4. Atrophic rhinitis
- Atrophic rhinitis is characterized by sneezing, followed by atrophy of the turbinate bones, which may be
accompanied by distortion of the nasal septum and shortening or twisting of the upper jaw. Its significance has
declined substantially, and it is no longer considered a major health risk to swine herds.
- Atrophic rhinitis has been divided into two forms: non-progressive atrophic rhinitis, due to B bronchiseptica,
is mild and transient and generally has little effect on growth and performance.
- Progressive atrophic rhinitis, due to toxigenic P multocida, is severe, permanent, and usually accompanied by
poor growth.
- Outbreaks of disease usually follow either the introduction of infected pigs or mixing of pigs from different
sources.
- Acute signs of atrophic rhinitis, which usually appear at 3–8 weeks of age, include sneezing, coughing, and
inflammation of the lacrimal duct. In more severe cases, nasal hemorrhage may occur.
- The severity of atrophic rhinitis in a herd depends largely on the presence of toxigenic strains of P
multocida, management practices, and the immune status of the herd.
- The signs and lesions are commonly the basis for diagnosis of atrophic rhinitis; however, the presence of
toxigenic strains of P multocida should be confirmed. Routine monitoring is done in some breeding herds by
measuring the degree of turbinate atrophy and giving the herd an atrophy score.
- Due to elimination programs of toxigenic P multocida at the seedstock level, atrophic rhinitis is rarely
observed in modern swine production systems.
- Sows are vaccinated 4 and 2 weeks before farrowing, and the young pigs at 1 and 4 weeks of age.
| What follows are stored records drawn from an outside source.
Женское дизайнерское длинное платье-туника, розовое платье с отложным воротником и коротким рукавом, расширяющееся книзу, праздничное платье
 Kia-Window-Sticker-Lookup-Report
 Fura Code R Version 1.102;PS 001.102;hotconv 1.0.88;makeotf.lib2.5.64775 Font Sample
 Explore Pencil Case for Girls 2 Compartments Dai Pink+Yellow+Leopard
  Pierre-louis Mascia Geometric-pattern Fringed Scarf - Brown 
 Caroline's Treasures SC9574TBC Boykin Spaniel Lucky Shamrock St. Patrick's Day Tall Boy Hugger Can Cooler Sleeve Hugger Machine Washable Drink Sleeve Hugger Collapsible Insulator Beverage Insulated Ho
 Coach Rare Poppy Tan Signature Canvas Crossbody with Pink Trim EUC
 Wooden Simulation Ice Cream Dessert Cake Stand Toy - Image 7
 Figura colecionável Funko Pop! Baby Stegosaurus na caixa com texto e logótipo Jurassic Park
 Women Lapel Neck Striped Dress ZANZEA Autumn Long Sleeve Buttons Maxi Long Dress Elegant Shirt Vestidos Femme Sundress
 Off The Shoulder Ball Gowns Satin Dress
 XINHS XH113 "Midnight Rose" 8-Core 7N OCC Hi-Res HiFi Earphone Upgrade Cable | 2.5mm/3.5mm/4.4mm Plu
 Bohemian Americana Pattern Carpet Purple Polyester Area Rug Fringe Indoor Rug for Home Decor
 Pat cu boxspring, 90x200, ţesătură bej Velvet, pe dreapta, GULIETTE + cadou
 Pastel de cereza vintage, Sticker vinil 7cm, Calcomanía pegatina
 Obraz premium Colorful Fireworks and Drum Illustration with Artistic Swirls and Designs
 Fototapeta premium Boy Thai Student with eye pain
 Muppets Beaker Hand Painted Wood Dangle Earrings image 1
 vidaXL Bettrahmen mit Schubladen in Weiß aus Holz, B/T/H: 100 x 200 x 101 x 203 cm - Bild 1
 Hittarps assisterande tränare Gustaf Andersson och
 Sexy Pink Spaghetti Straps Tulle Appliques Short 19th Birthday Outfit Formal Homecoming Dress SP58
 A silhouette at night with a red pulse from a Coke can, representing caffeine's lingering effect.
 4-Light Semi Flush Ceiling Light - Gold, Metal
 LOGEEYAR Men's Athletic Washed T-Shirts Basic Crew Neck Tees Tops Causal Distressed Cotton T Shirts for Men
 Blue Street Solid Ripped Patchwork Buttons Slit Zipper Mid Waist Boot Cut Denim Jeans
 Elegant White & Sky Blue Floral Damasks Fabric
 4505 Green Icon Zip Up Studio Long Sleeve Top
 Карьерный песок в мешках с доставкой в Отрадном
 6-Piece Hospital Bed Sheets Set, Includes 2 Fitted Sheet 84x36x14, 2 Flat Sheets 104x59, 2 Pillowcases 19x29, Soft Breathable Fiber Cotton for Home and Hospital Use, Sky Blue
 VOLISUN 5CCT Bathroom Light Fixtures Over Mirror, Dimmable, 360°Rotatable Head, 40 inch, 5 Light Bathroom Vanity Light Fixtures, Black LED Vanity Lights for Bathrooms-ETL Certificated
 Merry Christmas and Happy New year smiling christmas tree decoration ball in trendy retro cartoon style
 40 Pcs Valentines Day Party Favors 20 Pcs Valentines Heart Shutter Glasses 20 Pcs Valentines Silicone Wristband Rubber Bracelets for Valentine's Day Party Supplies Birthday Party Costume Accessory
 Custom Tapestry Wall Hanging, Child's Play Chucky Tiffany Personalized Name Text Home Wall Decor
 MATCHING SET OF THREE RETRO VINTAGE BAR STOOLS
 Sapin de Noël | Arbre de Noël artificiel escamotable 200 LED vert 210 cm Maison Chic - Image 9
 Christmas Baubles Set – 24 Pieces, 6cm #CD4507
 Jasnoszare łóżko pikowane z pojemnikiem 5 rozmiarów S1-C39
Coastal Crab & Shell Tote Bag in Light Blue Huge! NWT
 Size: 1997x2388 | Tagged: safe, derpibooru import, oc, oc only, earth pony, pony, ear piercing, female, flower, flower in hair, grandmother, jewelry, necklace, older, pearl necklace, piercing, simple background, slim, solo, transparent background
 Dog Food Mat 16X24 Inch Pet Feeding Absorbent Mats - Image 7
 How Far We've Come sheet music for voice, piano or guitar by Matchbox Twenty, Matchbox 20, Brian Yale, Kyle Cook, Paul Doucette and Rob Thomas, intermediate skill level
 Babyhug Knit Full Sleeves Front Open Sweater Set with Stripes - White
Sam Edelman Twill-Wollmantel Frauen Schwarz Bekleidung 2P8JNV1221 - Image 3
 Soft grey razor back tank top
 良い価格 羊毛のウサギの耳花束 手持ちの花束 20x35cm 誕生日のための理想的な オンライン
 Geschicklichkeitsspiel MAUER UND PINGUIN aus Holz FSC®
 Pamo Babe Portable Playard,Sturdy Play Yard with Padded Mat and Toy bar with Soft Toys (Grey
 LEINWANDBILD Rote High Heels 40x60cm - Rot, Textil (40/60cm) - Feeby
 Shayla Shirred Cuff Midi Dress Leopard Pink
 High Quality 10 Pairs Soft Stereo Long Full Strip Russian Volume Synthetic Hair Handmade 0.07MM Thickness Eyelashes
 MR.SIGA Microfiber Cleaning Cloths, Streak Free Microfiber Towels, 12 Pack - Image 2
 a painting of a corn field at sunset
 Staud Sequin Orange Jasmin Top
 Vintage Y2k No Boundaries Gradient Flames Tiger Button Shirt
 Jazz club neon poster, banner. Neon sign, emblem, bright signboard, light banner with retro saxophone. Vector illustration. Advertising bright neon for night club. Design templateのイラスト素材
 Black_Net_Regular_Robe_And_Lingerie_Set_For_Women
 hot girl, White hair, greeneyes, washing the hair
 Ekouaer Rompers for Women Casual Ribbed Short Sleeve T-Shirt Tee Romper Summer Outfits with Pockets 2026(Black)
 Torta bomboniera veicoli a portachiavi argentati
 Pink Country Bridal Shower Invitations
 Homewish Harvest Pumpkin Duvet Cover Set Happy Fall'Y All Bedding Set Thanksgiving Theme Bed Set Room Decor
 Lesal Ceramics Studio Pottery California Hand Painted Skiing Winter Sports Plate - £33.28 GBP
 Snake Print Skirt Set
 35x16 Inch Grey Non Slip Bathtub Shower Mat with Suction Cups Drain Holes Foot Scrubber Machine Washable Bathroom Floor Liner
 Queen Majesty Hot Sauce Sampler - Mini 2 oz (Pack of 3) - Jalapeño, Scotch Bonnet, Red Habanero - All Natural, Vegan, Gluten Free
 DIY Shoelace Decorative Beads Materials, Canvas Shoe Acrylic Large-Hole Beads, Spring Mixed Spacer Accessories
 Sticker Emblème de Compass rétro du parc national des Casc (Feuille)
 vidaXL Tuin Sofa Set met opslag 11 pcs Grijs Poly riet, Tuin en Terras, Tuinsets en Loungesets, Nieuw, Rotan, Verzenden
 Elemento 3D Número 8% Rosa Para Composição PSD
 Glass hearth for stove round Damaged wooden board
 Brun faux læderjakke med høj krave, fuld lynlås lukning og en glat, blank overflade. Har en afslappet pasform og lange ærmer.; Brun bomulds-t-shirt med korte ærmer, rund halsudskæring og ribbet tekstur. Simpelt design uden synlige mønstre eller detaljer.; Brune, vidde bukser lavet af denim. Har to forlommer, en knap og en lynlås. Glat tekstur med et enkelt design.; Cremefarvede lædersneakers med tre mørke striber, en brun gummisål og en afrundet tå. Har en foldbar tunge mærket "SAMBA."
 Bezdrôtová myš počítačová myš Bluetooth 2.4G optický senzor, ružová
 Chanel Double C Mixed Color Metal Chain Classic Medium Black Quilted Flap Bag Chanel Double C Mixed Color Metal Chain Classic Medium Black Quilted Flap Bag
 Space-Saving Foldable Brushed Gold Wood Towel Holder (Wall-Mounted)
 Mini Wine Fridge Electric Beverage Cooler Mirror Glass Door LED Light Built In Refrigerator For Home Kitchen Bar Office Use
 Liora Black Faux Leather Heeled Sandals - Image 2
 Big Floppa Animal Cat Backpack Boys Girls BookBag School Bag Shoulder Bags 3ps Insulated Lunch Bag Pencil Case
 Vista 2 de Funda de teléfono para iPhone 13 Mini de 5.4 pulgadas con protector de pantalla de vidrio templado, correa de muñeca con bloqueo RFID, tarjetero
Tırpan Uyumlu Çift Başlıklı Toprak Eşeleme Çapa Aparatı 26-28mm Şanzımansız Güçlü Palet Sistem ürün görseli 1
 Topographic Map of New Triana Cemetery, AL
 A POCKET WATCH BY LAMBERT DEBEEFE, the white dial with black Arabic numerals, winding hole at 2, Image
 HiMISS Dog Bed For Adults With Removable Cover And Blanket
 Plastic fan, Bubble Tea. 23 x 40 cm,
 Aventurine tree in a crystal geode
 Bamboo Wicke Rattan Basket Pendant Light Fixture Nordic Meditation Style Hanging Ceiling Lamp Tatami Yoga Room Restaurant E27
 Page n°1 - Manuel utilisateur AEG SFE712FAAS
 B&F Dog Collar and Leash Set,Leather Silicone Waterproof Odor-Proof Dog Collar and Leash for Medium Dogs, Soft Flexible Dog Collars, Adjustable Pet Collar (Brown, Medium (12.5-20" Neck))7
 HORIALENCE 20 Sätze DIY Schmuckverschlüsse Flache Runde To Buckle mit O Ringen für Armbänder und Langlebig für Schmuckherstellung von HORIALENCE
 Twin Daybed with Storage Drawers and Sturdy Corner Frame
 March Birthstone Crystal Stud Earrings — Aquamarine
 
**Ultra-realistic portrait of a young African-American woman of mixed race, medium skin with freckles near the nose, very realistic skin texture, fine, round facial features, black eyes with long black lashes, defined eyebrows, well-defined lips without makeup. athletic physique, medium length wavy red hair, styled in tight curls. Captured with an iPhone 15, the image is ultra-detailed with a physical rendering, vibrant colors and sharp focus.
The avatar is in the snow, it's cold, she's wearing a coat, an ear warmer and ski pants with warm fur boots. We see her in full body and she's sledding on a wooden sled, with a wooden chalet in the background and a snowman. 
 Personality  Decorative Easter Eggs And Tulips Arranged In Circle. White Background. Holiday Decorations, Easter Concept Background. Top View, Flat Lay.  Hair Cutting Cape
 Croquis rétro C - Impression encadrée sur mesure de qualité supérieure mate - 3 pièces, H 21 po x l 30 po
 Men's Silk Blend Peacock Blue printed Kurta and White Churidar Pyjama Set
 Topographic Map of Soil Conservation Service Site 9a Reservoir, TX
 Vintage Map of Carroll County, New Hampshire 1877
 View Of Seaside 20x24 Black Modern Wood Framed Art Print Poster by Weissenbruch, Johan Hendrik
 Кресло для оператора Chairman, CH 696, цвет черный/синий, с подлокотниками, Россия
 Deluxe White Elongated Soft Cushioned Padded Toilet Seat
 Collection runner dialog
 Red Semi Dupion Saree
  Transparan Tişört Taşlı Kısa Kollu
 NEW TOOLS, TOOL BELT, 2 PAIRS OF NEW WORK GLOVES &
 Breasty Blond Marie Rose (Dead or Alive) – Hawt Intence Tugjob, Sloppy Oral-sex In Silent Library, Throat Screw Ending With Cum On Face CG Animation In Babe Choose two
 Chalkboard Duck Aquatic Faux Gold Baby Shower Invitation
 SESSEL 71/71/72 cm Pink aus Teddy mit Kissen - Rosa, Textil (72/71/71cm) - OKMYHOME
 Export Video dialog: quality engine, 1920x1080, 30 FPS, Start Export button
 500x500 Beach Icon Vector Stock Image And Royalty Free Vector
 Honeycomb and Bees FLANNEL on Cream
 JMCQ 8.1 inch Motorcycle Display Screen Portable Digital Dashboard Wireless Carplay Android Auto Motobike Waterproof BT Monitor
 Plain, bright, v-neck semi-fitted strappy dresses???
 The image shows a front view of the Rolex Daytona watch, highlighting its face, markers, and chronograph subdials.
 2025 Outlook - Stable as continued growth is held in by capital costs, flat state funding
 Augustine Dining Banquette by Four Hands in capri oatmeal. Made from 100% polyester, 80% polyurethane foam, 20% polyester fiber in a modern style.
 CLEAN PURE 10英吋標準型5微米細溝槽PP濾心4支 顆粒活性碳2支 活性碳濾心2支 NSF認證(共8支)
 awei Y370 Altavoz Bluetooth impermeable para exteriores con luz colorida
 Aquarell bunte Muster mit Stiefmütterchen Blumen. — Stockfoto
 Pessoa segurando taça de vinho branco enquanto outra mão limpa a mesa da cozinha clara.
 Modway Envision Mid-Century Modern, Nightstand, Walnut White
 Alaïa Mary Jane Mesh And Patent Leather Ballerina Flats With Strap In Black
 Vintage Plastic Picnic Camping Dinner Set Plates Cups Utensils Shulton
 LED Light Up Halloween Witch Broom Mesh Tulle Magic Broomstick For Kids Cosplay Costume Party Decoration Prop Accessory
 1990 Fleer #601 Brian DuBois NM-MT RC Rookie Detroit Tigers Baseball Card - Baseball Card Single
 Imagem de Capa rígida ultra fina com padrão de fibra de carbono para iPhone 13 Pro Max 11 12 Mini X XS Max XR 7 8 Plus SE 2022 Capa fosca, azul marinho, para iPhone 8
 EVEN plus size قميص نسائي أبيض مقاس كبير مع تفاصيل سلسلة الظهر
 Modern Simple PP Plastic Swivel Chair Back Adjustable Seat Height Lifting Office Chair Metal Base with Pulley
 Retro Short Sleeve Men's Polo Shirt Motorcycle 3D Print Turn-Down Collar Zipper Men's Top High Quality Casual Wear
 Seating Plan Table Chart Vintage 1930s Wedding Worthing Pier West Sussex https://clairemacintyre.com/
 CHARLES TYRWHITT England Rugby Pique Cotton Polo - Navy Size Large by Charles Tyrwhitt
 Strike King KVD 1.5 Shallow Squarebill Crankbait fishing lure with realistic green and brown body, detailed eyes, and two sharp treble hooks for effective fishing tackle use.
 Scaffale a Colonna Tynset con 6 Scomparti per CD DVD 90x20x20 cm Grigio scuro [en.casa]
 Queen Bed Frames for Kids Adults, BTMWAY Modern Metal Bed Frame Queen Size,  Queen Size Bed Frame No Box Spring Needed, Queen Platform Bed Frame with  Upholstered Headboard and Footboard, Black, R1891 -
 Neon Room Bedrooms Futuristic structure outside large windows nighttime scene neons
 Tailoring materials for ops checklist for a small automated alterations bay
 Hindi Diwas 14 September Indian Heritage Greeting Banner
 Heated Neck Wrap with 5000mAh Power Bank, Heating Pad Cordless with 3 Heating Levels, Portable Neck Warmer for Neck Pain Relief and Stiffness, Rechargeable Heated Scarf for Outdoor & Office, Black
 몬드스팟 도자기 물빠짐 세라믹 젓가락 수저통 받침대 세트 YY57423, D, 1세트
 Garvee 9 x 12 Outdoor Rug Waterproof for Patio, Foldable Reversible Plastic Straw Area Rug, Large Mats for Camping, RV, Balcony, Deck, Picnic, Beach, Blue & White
A high level
of colostral immunity is acquired by piglets nursing vaccinated sows.
- The recovery may not prevent the stock from acting as carriers of infection.
5. Salmonellosis
- Salmonella enterica is one of the most common Salmonella species affecting pigs. It sometimes produces
necrotizing enterocolitis; more commonly, it is associated with septicemic disease characterized by hepatitis
and pneumonia. Intestinal salmonellosis in pigs has traditionally been associated with either S Choleraesuis or
S Typhimurium.
- Sources of infection with these serotypes are primarily asymptomatic carrier pigs; however, rodents and
contaminated feed and premises may also be sources.
- Intestinal salmonellosis is most often observed in pigs from weaning upto about 5 months old; however, it can
occur at other ages. Affected pigs are commonly febrile, with reduced feed intake, and have liquid yellow feces
that may contain shreds of necrotic debris.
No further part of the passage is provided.